Nguyen grew up on a coconut farm in a rural area near the Mekong Delta in southern Vietnam. Despite having an established career in fashion design, he decided to join his family when they moved to the United States in 2010.
Acclimating to an American way of life proved uneasy at first, especially with a language barrier that intensified feelings of alienation and isolation. Nguyen turned to art-making as a coping mechanism and as a means to express himself in a more universal language.
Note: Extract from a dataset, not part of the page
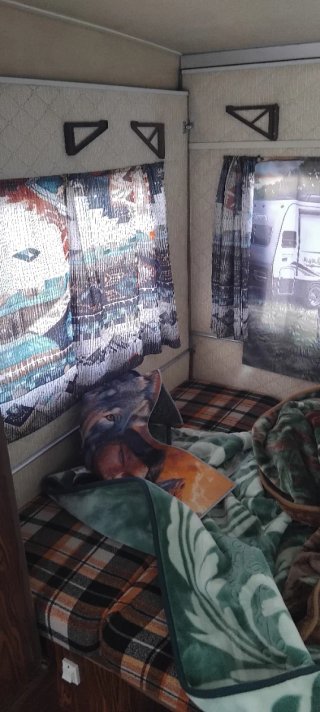 Caravana plegable con cama matrimonio y cama de 90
The transition from design to art was a natural one and in 2015 Nguyen earned a BFA in painting from the University of North Carolina Charlotte, and subsequently established a studio in Charlotte.
Drawing from his experience working with textiles, in particular, silk, a culturally significant material in Vietnam, Nguyen developed a distinctive technique to produce sensual, three-dimensional works that he describes as “deconstructed paintings.”
He begins by tearing swaths of silk fabric into hundreds of strips that he dips in acrylic paint and adheres to raw canvas. Methodically, almost meditatively, he repeats the process—tearing, painting, sanding, sewing, weaving, attaching, layering—until he has a structured but malleable medium, which he shapes into undulating, sculpted forms.
Nguyen’s paintings are often affixed to the wall with pushpins, allowing him the flexibility to rehang or adjust the composition as desired. The works can be stretched flat like a traditional canvas or gently draped, folded and creased into animated structures that unfurl along the wall and pool at the floor. Each installation is unique.
In some ways, Nguyen’s approach of deconstruction and reconstruction is akin to the experience of growing into his identity as Vietnamese American and as an artist. His use of silk, which remains the primary material in his practice, has evolved alongside him. Where he once chose it for its splendor and sense of familiarity, through a rigorous process of transformation, it now holds greater meaning for the artist: “For me, silk has become the connector tying both cultures together.”
Nguyen has participated in exhibitions across the globe, including at the Sejong Museum of Art, Seoul; CICA Museum (Czong Institute for Contemporary Art), Gimpo, Gyeonggi Province, Korea; Kunstwerk Carlshütte, Büdelsdorf, Germany; LaGrange Art Museum, Georgia; Museum of Contemporary Art Jacksonville, Florida; Orange County Center for Contemporary Art, Santa Ana, California; and The Rayburn House Office Building, United States Capitol Complex, Washington, DC. In 2024, Nguyen’s work was the subject of the solo exhibition Kenny Nguyen: Adaptations at the Mint Museum in Charlotte.
In 2016, Nguyen received the Excellence Asia Contemporary Young Artist Award from Sejong Museum of Art; in 2023, a nomination for the Joan Mitchell Fellowship; and in 2024, Asian Art in London’s Modern & Contemporary Art Award for a work from his Eruption series. He has been awarded numerous grants, fellowships and residencies.